Using Apache to load balance and clustering Alfresco Share with Hazelcast

cancel
Showing results for 
Search instead for 
Did you mean: 

Using Apache to load balance and clustering Alfresco Share with Hazelcast

kevinr1
Established Member
0 10 5,394

This post assumes reasonable sys-admin Alfresco knowledge and assumes you are already familiar with setting up the Alfresco Repository in a cluster configuration and familiar configuring an Apache web-server instance. You should read the previous post first.

Since my last blog on this subject, there has been quite a bit of interest in load balancing Alfresco Share. This is good news but also means that customers and the community have found some issues that needed looking at - good, because more use of Alfresco testing means more stability for everyone when we fix the issues - that's part of the fun of having a very active user community!

Three main points were raised:

  1. A bug relating to a problem with dashboard template layouts not updating between web-tier nodes - which was quickly resolved for 3.4.8 and 4.0 see ALF-12318
    1. A request for example load balancing config for Share itself as I only posted info on the forward proxy config for Share.
      1. An issue raised in regards to a noticeable drop in performance when the cache config detailed in the previous post was added to each Share instance (which was required for load balancing multiple instances) - see this related blog post http://blog.alfrescian.com/?p=146 and ALF-12336

      I'll address all issues here and share some exciting performance related to item 3 also!

      1. A bug that manifested when a user changed the template layout selection for a dashboard - for example from 2 to 3 column layout.
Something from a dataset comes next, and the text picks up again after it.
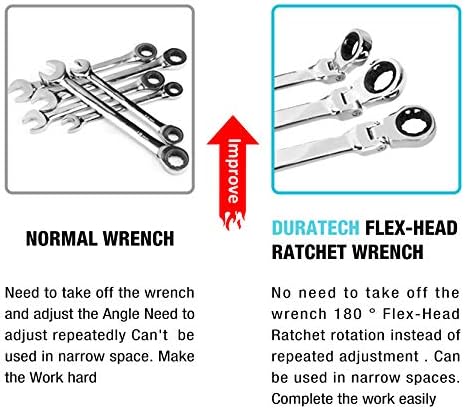 DURATECH Extra Long Flex-Head Ratcheting Wrench Set, 5-Piece, SAE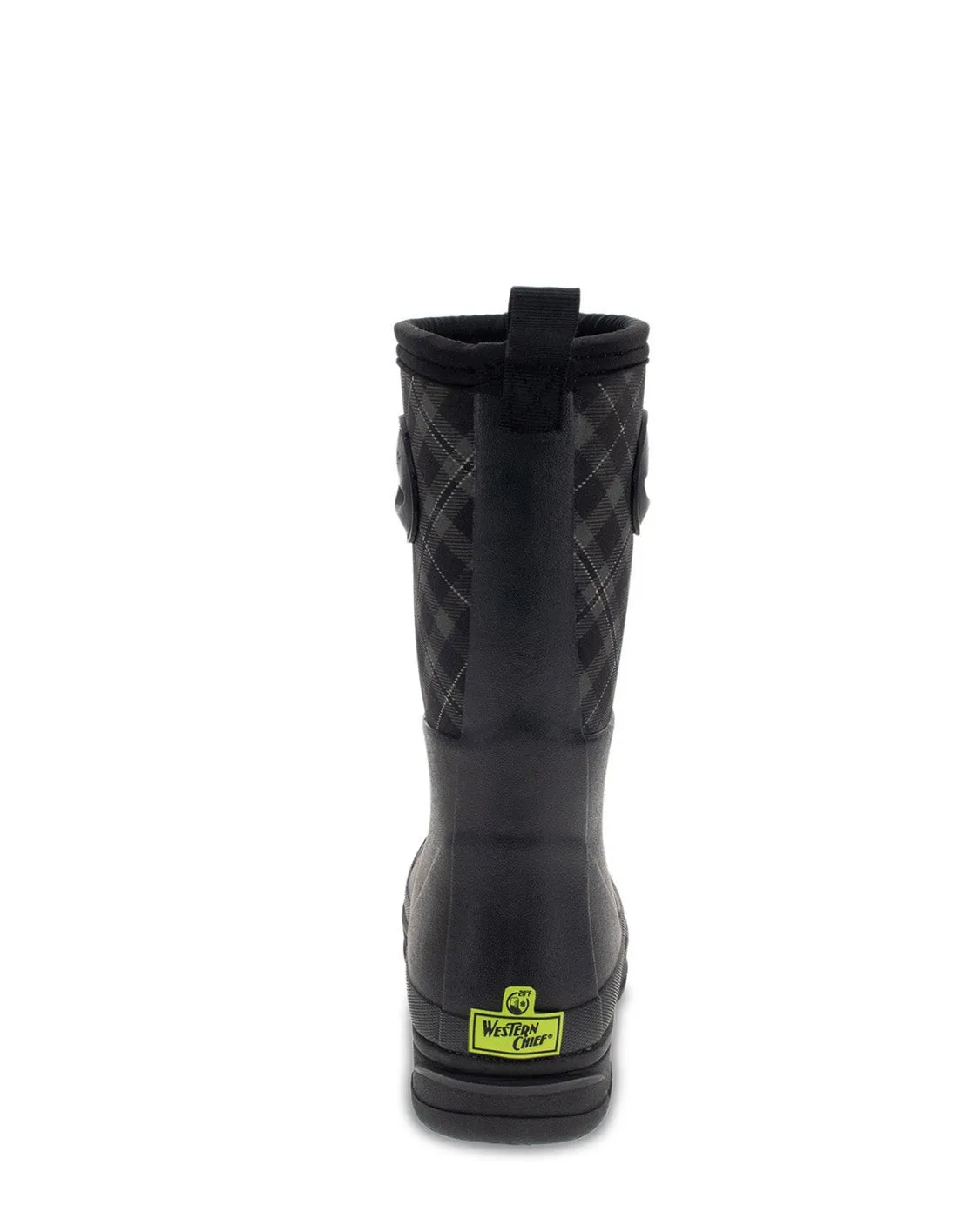 Women's Plaid Neoprene Mid Cold Weather Boot - Black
The problem was that SpringSurf PageView objects were internally caching the Page object rather than just the PageId - easily and quickly fixed.

      2. Config for load balancing Share is very similar to that for load balancing Alfresco.

      Set up two tomcat instances containing 'share.war' webapp with the 'share-config-custom.xml' and 'custom-slingshot-application-context.xml' config as detailed in the previously post. Remember the ports exposed by Tomcat need tweaking if you have those instances on the same physical machine - increment the HTTP and AJP and redirect ports in the tomcat/conf/server.xml config. Also ensure you have set the 'jvmRoute' attributes to different values ready for the load balancing config, I used 'tomcat3' and 'tomcat4' as I now have a lot of servers running on a single box!

      Create another Apache instance, I just did a copy and paste from the one I used to load balance the Alfresco cluster. Again bump the Apache listener port value if it exists on the same physical machine. Finally configure Apache 'httpd.conf' to load balance against your Share web-tier instances:

      # Reverse Proxy Settings (Share multi-instance load balancing)

      ProxyRequests Off

      ProxyPassReverse /share balancer://app

      ProxyPass /share balancer://app stickysession=JSESSIONID|jsessionid nofailover=On

      <Proxy balancer://app>

      BalancerMember ajp://localhost:8019/share route=tomcat3

      BalancerMember ajp://localhost:8024/share route=tomcat4

      </Proxy>

      Simply point your client browsers at your new Apache instance. If you have set up your Share instances to themselves use an Apache which is load balancing against an Alfresco cluster then you now have a full 2x Alfresco Cluster + Apache + 2x Alfresco Share + Apache set up!

      This is great - BUT it leads onto point 3...

      3. Scalability and fail-over capability has improved by having multiple Share instances - but individual performance per Share node is reduced. Now you may consider (as I did first) that this is expected, there is after all some additional work here going on - in the case of the Alfresco cluster it's inter-node communication overhead, and in the case of the Share nodes it is reduced performance due to the caches that have been disabled. What's apparent here is that if you just cluster Alfresco and keep to a single Share instance, we find that a single instance of Share can easily service a 4 node Alfresco cluster so in practice there is little need to load balance Share for performance reasons - but you certainly might want to for high availability reasons. Perhaps a price worth paying for the ability to remove and drop in additional nodes without your users knowing or having to update their URLs... But it would be nice if there wasn't such a noticeable performance drop in Share.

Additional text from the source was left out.